Uppsala University Department of Information Technology

Technical Report 2019-009

Evaluation of Methods Handling Missing Data in PCA on Genotype Data: Applications for Ancient DNA

Kristiina Ausmees

October 2019

Abstract:
Principal Component Analysis (PCA) is a method of projecting data onto a basis that maximizes its variance, possibly revealing previously unseen patterns or features. PCA can be used to reduce the dimensionality of multivariate data, and is widely applied in visualization of genetic information. In the field of ancient DNA, it is common to use PCA to show genetic affinities of ancient samples in the context of modern variation. Due to the low quality and sequence coverage often exhibited by ancient samples, such analysis is not straightforward, particularly when performing joint visualization of multiple individuals with non-overlapping sequence data. The PCA transform is based on variances of allele frequencies among pairs of individuals, and discrepancies in overlap may therefore have large effects on scores. As the relative distances between scores are used to infer genetic similarity, it is important to distinguish between the effects of the particular set of markers used and actual genetic affinities. This work addresses the problem of using an existing PCA model to estimate scores of new observations with missing data. We address the particular application of visualizing genotype data, and evaluate approaches commonly used in population genetic analyses as well as other methods from the literature.
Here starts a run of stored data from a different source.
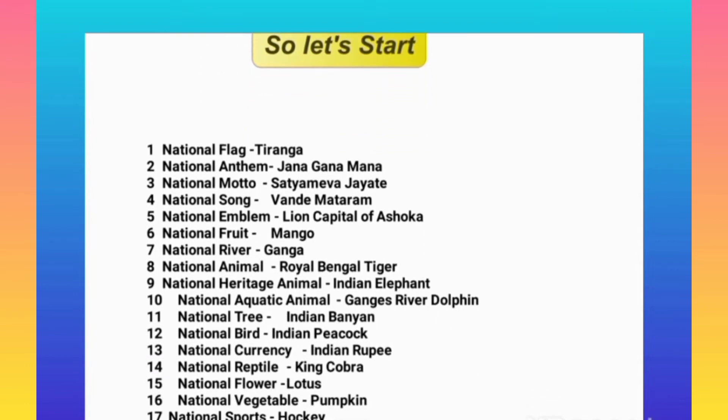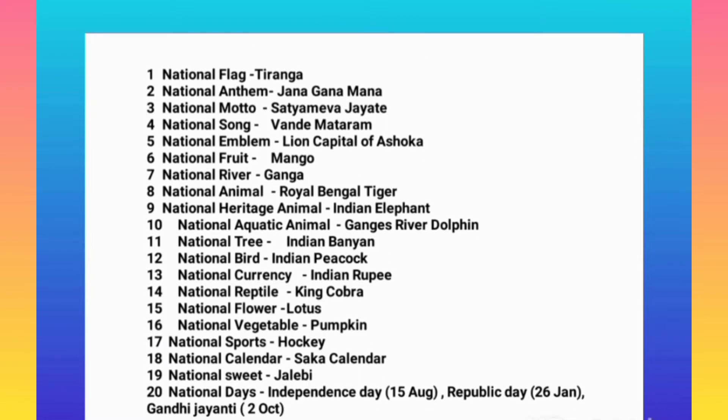National motto: Satyamev Jayate. National song: Vande Mataram. National emblem: Lion Capital of Ashoka. National fruit: Mango. National river: Ganga. National animal: Royal Bengal Tiger. National heritage animal: Indian Elephant. National aquatic animal: Ganges River Dolphin. National tree: Indian Banyan.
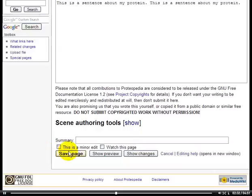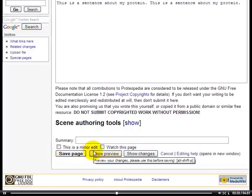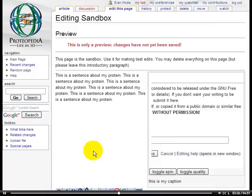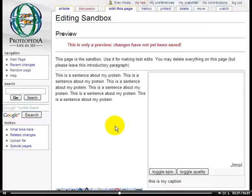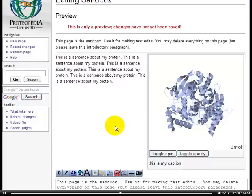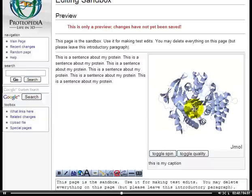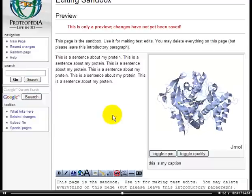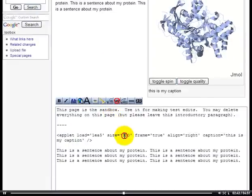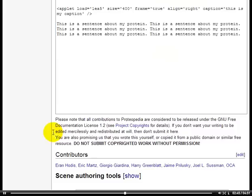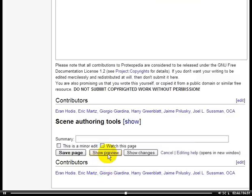So let's preview that and see how it looks. Voila, we have our applet on the page here in this preview. Maybe it's too small, so I can change the size to 400 and preview that.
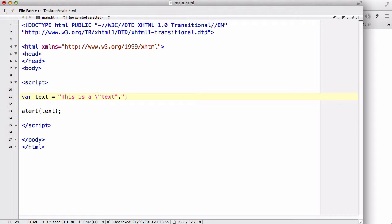It basically lets you ignore the next character over here, and tells the browser that it's not the same as this, but instead it's just a string that you want it to be displayed inside your website.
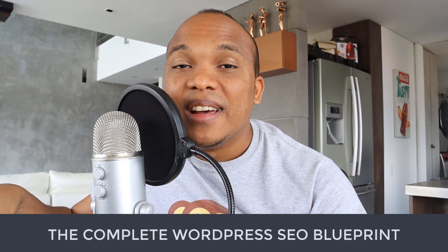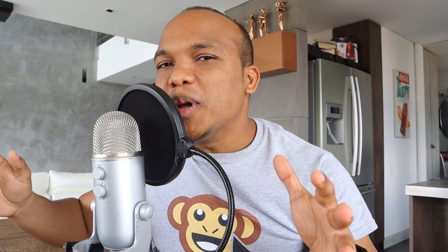Welcome to the WordPress SEO Blueprint. This is a course I have designed specifically to help you rank your website and articles on the first page of Google and other major search engines. Coming up in this course, you will first of all learn how to configure and make use of the Yoast SEO plugin.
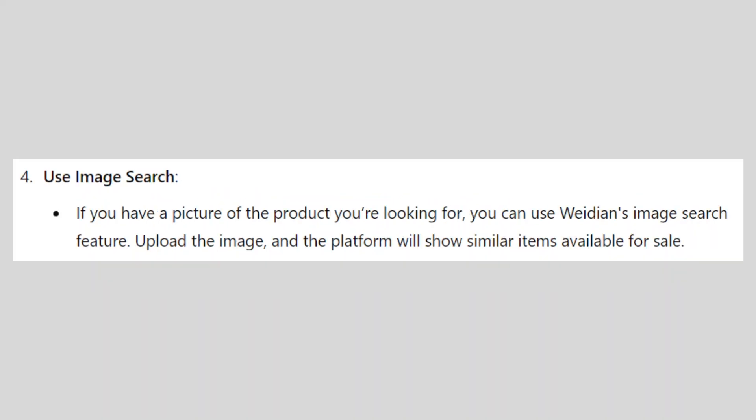If you have a picture of the product you're looking for, you can use Weidian's image search feature. Upload the image and the platform will show similar items available for sale.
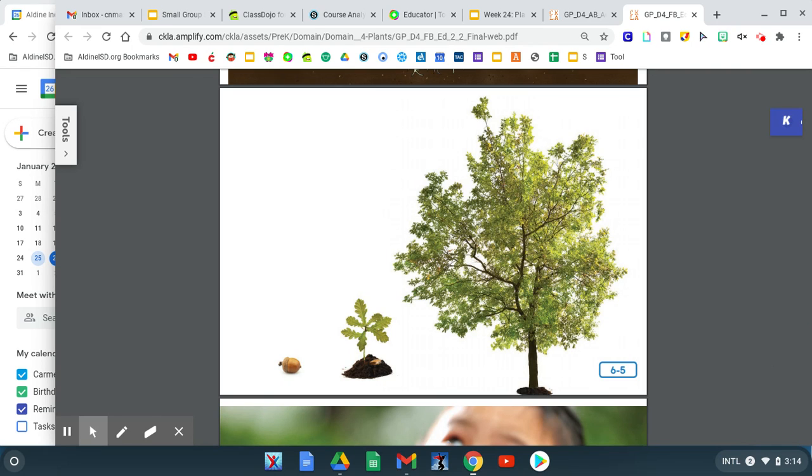This is an acorn. Trees start out as seeds just like sunflowers. They start out from an acorn seed.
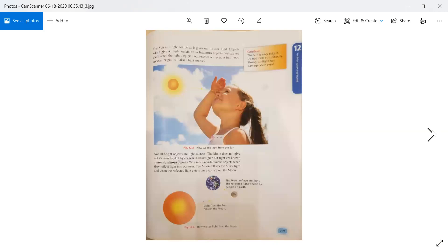Moving to page 259: The Sun is a light source as it gives out its own light. Objects which give out light are known as luminous objects. We can see them when the light they give out reaches our eyes. A full moon appears bright — but not all bright objects are light sources. The Moon does not give out its own light.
The methods considered are that of trimmed scores, projection to the model plane, performing PCA individually on samples and subsequently merging them using Procrustes transformation, as well as the two least-squares based methods trimmed score regression and known data regression. Using empirical ancient data, we demonstrate the use of the different methods, and show that discrepancies in the set of loci considered for different samples can have pronounced effects on estimated scores. We also present an evaluation of the methods based on modern data with varying levels of simulated sparsity, concluding that their relative performance is highly data-dependent.